Data mining explores business opportunities and competitive advantage, requirements analysis considers supporting applications. Both use models, the former’s are predictive and ephemeral, the latter’s descriptive (or prescriptive) and perennial.
As the generalization of digitized environment calls for more integration of business and software engineering processes, understanding the relationship between data mining and requirements analysis could significantly improve processes maturity and agility.
Data vs Requirements Analysis
Nowadays the success of a wide range of enterprises critically depends on two achievements:
- Mapping business models to changing environments by sorting through facts, capturing the relevant data, and processing the whole into meaningful and up to date information. That can be achieved through analysis models mapping business expectations to supporting systems.
- Putting that information into effective use through business processes and supporting systems. That is done through systems architecture and design models meant to prescribe how to build software artifacts.
Those challenges are converging: under the pressure of markets forces and technological advances most of traditional fences between business channels and IT systems are crumbling, putting the focus on the functional integration between data mining and production systems. That’s where predictive models can help by anchoring descriptive models to moving markets and by cross-feeding analysis and operations. How that can be achieved has been the bread and butter of good corporate governance for some time, but there has been less interest for the third branch, namely how data analysis (predictive models) could “inform” business requirements (descriptive models).
From Data to Information
Facts are not given but must be captured through a symbolic description of actual observations. That entails some observer set on task using a mix of conceptual and technical apparatus. Data mining and requirements analysis are practical realizations of that process:
- Data mining relies on analytic tools to extract revealing information that could be used to chart opportunities along business models.

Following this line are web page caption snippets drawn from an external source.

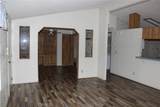 1237 Yellowood Drive - Photo 10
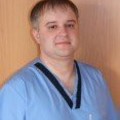 Фотография специалиста Зайцев Роман Александрович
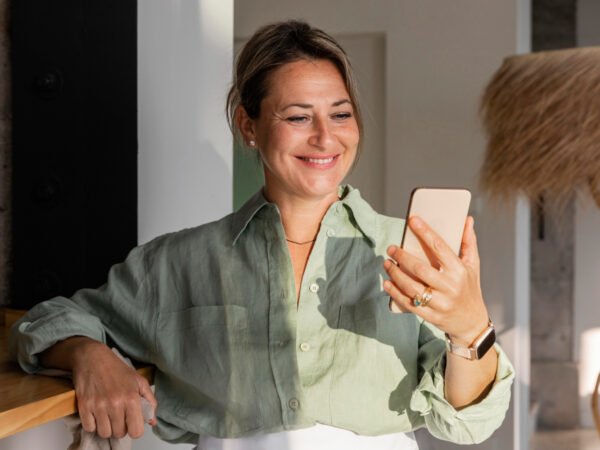 Como Mulheres do Conteúdo Adulto Estão Usando o Instagram para Criar Marcas Pessoais Fortes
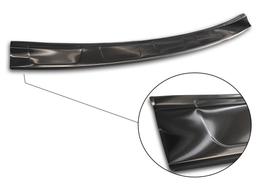 Lastskydd Ford EDGE II / ST-Line / Vignale FL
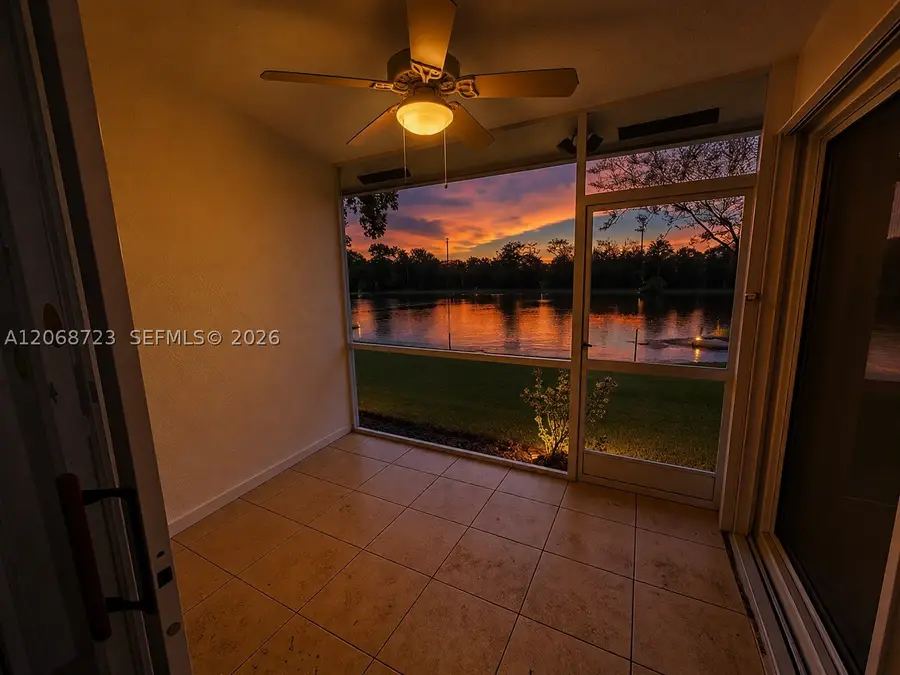 18440 Via Di Sorrento, Boca Raton, FL 33496 - #3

- Requirements analysis relies on business processes and users’ practice to extract symbolic descriptions that will be used to build models of supporting applications.
If both walk the path from data to information, their objectives are different: the former’s is to improve business decisions by making sense of actual observations; the latter’s is to build system surrogates from the symbolic descriptions of actual business objects and activities.
Anchors & Structures: Plasticity of Business Entities
Perhaps paradoxically, business agility calls for terra firma because nimble trades must be rooted in corporate identity and business continuity. As a consequence, the first step of requirements analysis should be to associate individuals business objects or activities with stable and consistent identification mechanisms, and to group them with regard to that mechanism:
- External entities with natural (person) or designed identity (car).
- Symbolic entities for roles (customer) or commitments (maintenance contract).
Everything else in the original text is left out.